# New et-73 dual probe



## skinnerc06 (Jun 21, 2007)

Wondering how yall clean your thermometers after a smoke.  I dont want to damage my baby.  Also one more thing.. anyone have a guess about how much life you can get out two fresh batteries? just wondering


----------



## dionysus (Jun 21, 2007)

I usually wipe the probes with a damp cloth. I never immerse them in water. As for the batteries, can't help you there, I've never really paid much attention. If I turn it on and nothing happens, I change the batteries.


----------



## ron50 (Jun 21, 2007)

Wipe it down with a wet cloth. The probe is the easy part to clean, the wire is more tricky because it is twisted.


----------



## desert smokin (Jun 21, 2007)

Just wipe them down with a damp cloth. Right now I have approx. 18 hours of operation on the batteries that came with my unit. I have no idea how much life is left in them but it's still very responsive.


----------



## fuzzynavel (Jun 21, 2007)

like everyone said wipe down the probes, and i have about 40 hours on a fresh set of batteries and still going (always use energizer!). i will get some batteries from work tonight and do a test just to see how long they last


----------



## figjam (Nov 19, 2007)

Can these probes be used in a turkey that is deep fried?


----------



## oillogger (Nov 19, 2007)

I would not consider using the probes for frying turkeys.  I suggest going with the typical stick type turkey fryer thermometer.  A turkey should only take about 45 minutes to fry.  Do not make the mistake of over frying the turkey as some people do.  165F is done according to the USDA.


----------



## hawgheaven (Nov 19, 2007)

I use a damp cloth and a little soap, then rinse in hot water... on the probe only, not the cable. To protect the cable, I wrap that in aluminum foil...


----------



## beebeque (Nov 19, 2007)

1.) I use an SOS pad on the probes themselves & simply wipe down the rest of it. Never had a problem with this.
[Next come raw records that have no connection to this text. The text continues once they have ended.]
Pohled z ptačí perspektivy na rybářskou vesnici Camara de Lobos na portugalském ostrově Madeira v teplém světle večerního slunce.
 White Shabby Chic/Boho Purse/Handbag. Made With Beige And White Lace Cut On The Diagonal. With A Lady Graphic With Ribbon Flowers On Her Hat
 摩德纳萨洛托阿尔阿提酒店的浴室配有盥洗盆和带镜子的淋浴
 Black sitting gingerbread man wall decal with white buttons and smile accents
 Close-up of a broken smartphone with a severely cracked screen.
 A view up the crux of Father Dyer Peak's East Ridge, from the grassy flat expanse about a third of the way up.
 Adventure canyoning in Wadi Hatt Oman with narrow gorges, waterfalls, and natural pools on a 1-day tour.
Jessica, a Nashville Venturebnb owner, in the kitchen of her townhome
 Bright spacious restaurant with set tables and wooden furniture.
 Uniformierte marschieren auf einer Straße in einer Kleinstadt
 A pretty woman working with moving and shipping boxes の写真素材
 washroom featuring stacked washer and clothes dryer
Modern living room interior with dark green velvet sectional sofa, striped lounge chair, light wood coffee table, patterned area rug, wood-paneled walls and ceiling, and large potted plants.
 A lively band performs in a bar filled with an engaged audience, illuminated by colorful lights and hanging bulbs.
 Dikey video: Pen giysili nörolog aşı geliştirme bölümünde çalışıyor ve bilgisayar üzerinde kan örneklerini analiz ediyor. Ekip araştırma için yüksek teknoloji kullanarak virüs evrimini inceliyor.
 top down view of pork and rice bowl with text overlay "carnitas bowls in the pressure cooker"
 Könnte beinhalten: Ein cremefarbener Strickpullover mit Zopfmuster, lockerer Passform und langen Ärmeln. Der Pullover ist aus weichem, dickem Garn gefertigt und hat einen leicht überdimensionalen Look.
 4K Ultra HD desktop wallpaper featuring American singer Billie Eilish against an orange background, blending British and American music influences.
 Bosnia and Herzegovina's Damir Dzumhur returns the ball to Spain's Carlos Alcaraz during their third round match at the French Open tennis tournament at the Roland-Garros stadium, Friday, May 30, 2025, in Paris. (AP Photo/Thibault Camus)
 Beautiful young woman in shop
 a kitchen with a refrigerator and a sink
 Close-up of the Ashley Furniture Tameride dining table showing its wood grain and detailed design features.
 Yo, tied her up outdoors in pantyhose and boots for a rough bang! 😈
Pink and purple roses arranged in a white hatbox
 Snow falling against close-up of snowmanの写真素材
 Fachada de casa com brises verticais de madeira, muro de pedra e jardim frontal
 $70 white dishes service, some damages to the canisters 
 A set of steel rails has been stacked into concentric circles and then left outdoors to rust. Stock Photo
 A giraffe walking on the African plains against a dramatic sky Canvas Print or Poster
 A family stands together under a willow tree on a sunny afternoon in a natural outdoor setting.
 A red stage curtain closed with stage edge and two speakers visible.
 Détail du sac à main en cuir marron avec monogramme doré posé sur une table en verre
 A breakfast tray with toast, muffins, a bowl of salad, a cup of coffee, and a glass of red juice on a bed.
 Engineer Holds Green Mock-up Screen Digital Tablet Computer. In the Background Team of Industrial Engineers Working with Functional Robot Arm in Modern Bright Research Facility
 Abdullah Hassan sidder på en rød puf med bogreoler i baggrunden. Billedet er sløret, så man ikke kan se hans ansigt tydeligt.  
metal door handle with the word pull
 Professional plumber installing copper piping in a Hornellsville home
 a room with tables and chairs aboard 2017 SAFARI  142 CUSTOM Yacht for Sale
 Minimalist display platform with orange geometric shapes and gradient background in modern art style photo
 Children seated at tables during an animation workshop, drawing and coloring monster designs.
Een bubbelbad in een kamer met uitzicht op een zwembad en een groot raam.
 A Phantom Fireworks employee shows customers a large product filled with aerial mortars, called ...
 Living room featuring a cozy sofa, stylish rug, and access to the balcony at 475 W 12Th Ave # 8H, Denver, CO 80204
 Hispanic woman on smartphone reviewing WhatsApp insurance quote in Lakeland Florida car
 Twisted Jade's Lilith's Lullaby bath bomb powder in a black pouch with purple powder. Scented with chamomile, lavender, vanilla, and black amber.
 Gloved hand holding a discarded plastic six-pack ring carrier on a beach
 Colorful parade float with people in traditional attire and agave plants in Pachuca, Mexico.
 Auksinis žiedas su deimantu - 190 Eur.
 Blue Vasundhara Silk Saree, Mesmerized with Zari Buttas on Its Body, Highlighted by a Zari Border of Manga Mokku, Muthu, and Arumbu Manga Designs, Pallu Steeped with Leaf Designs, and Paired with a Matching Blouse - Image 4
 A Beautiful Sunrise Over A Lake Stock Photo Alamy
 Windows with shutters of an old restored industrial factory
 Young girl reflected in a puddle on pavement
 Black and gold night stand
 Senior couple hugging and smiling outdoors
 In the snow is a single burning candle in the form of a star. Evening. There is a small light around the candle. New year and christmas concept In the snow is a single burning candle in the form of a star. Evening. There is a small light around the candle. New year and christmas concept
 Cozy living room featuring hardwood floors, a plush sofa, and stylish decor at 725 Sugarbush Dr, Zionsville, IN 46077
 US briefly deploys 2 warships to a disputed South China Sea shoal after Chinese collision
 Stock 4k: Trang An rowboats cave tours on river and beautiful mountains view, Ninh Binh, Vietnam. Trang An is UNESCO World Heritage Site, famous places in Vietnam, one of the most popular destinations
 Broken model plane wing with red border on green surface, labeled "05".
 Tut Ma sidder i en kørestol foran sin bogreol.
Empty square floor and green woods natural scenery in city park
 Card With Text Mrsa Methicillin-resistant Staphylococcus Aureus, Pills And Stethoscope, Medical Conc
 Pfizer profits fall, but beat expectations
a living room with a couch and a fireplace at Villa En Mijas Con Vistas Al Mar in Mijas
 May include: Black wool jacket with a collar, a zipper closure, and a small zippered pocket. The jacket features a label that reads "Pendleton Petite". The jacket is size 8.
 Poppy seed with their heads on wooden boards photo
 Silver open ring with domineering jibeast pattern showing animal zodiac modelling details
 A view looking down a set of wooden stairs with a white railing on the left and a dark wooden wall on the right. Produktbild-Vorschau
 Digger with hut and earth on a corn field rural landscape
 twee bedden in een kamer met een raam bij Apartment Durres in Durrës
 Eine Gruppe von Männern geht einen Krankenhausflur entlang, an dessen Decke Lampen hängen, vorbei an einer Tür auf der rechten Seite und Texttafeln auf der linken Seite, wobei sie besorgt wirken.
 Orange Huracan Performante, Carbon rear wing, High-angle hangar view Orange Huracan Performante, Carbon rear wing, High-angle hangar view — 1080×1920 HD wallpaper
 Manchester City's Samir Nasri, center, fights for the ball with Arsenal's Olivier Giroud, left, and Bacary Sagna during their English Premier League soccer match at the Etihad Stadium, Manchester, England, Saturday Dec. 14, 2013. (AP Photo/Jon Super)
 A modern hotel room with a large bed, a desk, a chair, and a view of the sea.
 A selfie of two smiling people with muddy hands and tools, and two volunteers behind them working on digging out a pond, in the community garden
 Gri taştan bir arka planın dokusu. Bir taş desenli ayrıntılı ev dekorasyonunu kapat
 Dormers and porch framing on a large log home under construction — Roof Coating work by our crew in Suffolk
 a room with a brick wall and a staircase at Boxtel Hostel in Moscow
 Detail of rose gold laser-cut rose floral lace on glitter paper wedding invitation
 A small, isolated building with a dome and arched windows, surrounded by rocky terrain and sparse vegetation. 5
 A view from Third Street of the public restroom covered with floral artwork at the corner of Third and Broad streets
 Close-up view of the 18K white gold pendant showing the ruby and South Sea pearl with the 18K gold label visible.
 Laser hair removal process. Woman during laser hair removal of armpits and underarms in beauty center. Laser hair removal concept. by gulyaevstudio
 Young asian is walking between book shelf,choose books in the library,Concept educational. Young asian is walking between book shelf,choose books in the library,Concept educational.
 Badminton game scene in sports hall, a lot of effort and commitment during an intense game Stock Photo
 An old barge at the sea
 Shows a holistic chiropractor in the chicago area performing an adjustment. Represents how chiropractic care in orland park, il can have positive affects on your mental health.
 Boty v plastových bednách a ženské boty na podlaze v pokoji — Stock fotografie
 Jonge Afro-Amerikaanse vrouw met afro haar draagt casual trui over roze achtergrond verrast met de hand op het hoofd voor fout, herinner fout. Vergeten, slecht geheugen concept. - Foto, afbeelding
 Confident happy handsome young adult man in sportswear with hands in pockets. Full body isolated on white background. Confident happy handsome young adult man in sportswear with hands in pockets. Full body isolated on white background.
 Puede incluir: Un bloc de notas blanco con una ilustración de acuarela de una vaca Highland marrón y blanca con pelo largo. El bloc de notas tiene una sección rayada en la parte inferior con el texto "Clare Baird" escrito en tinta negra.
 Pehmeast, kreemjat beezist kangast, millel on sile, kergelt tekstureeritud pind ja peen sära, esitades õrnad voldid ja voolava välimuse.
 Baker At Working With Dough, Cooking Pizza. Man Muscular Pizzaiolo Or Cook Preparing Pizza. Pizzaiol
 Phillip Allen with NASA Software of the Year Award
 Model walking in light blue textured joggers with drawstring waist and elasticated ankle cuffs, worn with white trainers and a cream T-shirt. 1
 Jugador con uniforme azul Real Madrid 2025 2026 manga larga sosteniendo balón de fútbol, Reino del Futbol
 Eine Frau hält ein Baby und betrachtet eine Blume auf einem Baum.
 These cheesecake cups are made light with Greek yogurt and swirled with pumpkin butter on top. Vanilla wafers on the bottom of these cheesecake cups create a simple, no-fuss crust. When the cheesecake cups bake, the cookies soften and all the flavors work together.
2.) I'm gonna go ahead and say the FIGJAM has the best avatar I've ever seen.


----------



## walking dude (Nov 19, 2007)

FigJam..only way to use a probe on a deep fried turkey.......is pull the turkey OUT OF THE OIL.......and use a instant read thermo.......in the breasts and thighs.........speaking of which........LOVE YOUR AVATAR

BeeBeQue......you think the avatar rox.......view FigJam's profile........OUCH


d88de


----------



## figjam (Nov 19, 2007)

Thanks for the reply guys.  The reason I asked was I was looking at the link to the modifications to my ecb over here, and noticed he had a link to frying a turkey, which I've done in the past.  When I saw the picture shown here, I thought it would be great if this could be done so I would know for sure what the temp was in the bird before I pulled it out.


----------



## walking dude (Nov 19, 2007)

never ever even HEARD on someone using a probe in hot oil..........i imagine there will be some comments on THAT


d88de


----------



## porkbutt (Nov 20, 2007)

Not sure about the Maverick but I used my Pyrex digital to fry a turkey and it didn't hurt it. Still works perfectly.


----------



## deejaydebi (Nov 20, 2007)

You guys in Florida probably don't have to worry but for you all in the cold climates ... keep the digital close to or on the smoker. I was worried with my first one that it would melt and set it far from the smoker and the darn thing froze up and never worked again! 
	

	
	
		
		



		
		
	


	





 Didn't make it threw one single smoke!


----------



## capt dan (Nov 22, 2007)

Thanks DJ for that  lil bit o info. I got temps in the mid 20's to start in the am, I will try to keep it real  close to "stinky"!


----------



## walking dude (Nov 22, 2007)

i agree..........2inches of snow already............highs in the upper 30's.......now i wonder if a can keep temps at 300-350 without going to a TON of fuel........maybe do the low and slow this time.......any suggestions?

d88de


----------



## flyin'illini (Dec 13, 2007)

Thanks, DJ.  Got a pyrex tonight (could not find a ET-73 but may order one) and that was one of my immediate questions thinking about the temps.


----------